Have you adjusted the dish back to where the above is true (119 on the "left" or east LNB)?

If so, select a transponder on 119 for your Point Dish meter. Pick a transponder between 17 and 21 (I'd pick 21). Turn the dish slightly toward the west (clockwise) ... you will lose the 119 signal. Keep turning and you should hit 129. The signal may be weak ... if you had your signal peaked for the best 119 signal you will need to change the elevation of the dish as you turn it. You should hit 129 before turning more than a 10 degrees ... so if you do not see it go back to 119 and try again with a little bit more elevation. (You are basically trying to line up the reflection of 119 that you are getting on the left / east LNB with the center LNB.)

Once you start to receive 129 adjust the dish to get a decent signal then run a check switch. Once you run the check switch you should have all three, with 129 on the left / east LNB head. Then adjust the aiming to get the best average signal from all three locations, changing satellites and transponders on the point dish screen.

You can still use the first output on the LNB. Your dish receiver is using the switch in the LNB to select which head has which satellite. Thanks to your last Check Switch your receiver uses the left / east LNB when you ask for a transponder from 119. That is why you need to move the dish until you see 129 on the left / east LNB while telling your receiver to show you 119.

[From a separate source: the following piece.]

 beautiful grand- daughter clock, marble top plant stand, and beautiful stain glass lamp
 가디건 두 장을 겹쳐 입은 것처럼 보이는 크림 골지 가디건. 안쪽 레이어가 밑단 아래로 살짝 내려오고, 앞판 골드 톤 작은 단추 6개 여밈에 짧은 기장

Do not use transponders 1-16 for aiming 129. They are spotbeams that may or may not be available in your area. 17-21 are available on both 119 and 129 so they are good to use to find a signal. If you get 110 while trying this tuning you have gone the wrong way.


----------



## quarterwave (Nov 21, 2009)

"Have you adjusted the dish back to where the above is true (119 on the "left" or east LNB)?"

Yes...and will do. 

Thank you.


----------



## quarterwave (Nov 21, 2009)

Thank you James Long. That worked, I was able to get it fixed today, took about 15 minutes. Thank you x 10.


----------